The third thing to look at is when do you want to have your rodeo.  This kind of ties in with the second thing.  Look for dates that you can piggy back (with or without) other events knowledge.  Try to find a venue that is open during the same time as events going on in another town that is close by.  Research the events schedule so you can plan your rodeo to happen when the other event has nothing, that way you don’t take away from the established event and make people mad remember play nice.   If nothing is available during other events then look for times of the year when tourism is low.  The reason these dates can work for you is you are holding an event that could bring people from out of the area to town to spend money at local businesses and hotels.  It could help you get sponsors (not a guarantee but can’t hurt).

Number four.  What type of rodeo are you going to have.  Yes there are different types of rodeo.  Is it going to be a Pro Rodeo, a women’s rodeo or one of the numerous rodeos that I call “State Rodeos”? Each rodeo has its own set of rules and requirements to hold one of their rodeos so go to there website and read through everything and make calls to see which will work best for your area and wallet.

Committee Selection.

Now that you have a general idea of what and when it is you want to do it’s time to think about forming a committee.  You and your committee will be responsible for organizing everything, advertising,  ticket sales, booking the venue, hiring the stock contractor, paying the franchisee fees, and selling sponsorships to hopefully pay for everything.  I know what you are thinking “I have a lot of friends that will jump at the chance to be a part of this”.  Let me stop you right there.  This is another one of those things that you should lock yourself in a room with out distractions and really thing about if all of your friends are right to be on your committee.  As friends go they are no doubt the best friends a person could have but you are basically starting a business so even though they are the best bunch of friends you could hope for are they right to help you run your new business?  Remember when it comes right down to the wire YOU are responsible for everything including paying for everything so if you do decide to include your friends make sure they know what is at stake and what you expect from them.

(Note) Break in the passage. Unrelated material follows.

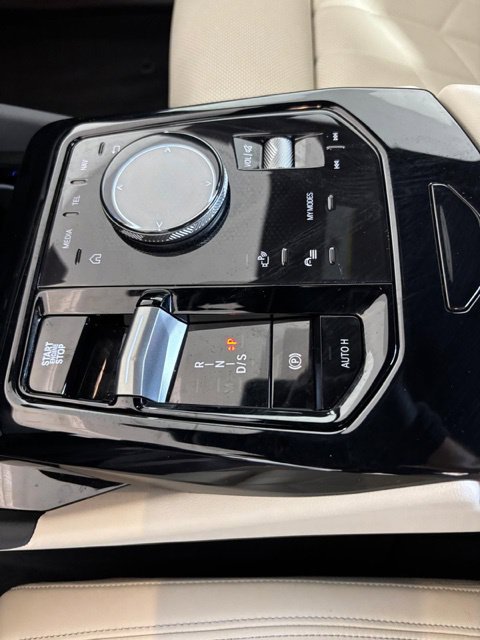 Used 2024 BMW 530i xDrive w/ Premium Package AWD/4WD image 18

Consider coming up with a set of rules and a membership fee for your committee.  One of the rules should be that if the committee fails to come up with enough sponsors to pay for everything than every member will put in money from out of pocket until the bills are paid.  A membership fee of $200 can help get your committee up and running by giving you money to pay for up front costs like franchise fees.  It also helps eliminate any one who might not have the rodeos best interests at heart.

Personnel Selection.

You have your committee now it is time to hire the people that are going to work the rodeo.  Most of the time all you have to do is find a stock contractor that has a membership card in the association that you are doing.  The stock contractor will hire everyone else and their fees will be included in the stock contractors price.  This is not necessarily a bad way to do things.  If you don’t know people in the rodeo business this can save you time trying to hire people.  I would recommend to new committees that the first call they make in personnel selection is to a producer like Dynamic Productions LIVE (I now it is a shameful plug from me but hey its how I make a living).  The producer can give you some pointers on what to look for in a stock contractor and what to watch out for. (Dynamic Productions LIVE gives you a free consultation just saying.:)

Rodeo Producer.

“I talked to the stock contractor and he/she said hiring a rodeo producer is a waste of money.  Is it?”  Guess what it might be.  Each rodeo is different and depending on the experience of the committee and what the stock contractor is willing to do you might not nee a rodeo producer.  Consider these things though.  Are you prepared to handle everything from ticket sales at the gate, venders showing up and running your ragged, preparing the arena making sure it is in perfect shape for the contestants and animals, and getting the rodeo started on time? Is the stock contractor going to be there for you from the time you sign the contract till after you do your After Action Review (AAR)? Also is the stock contractor going to work with you during the rodeo or take it over and do things the way he/she wants it done?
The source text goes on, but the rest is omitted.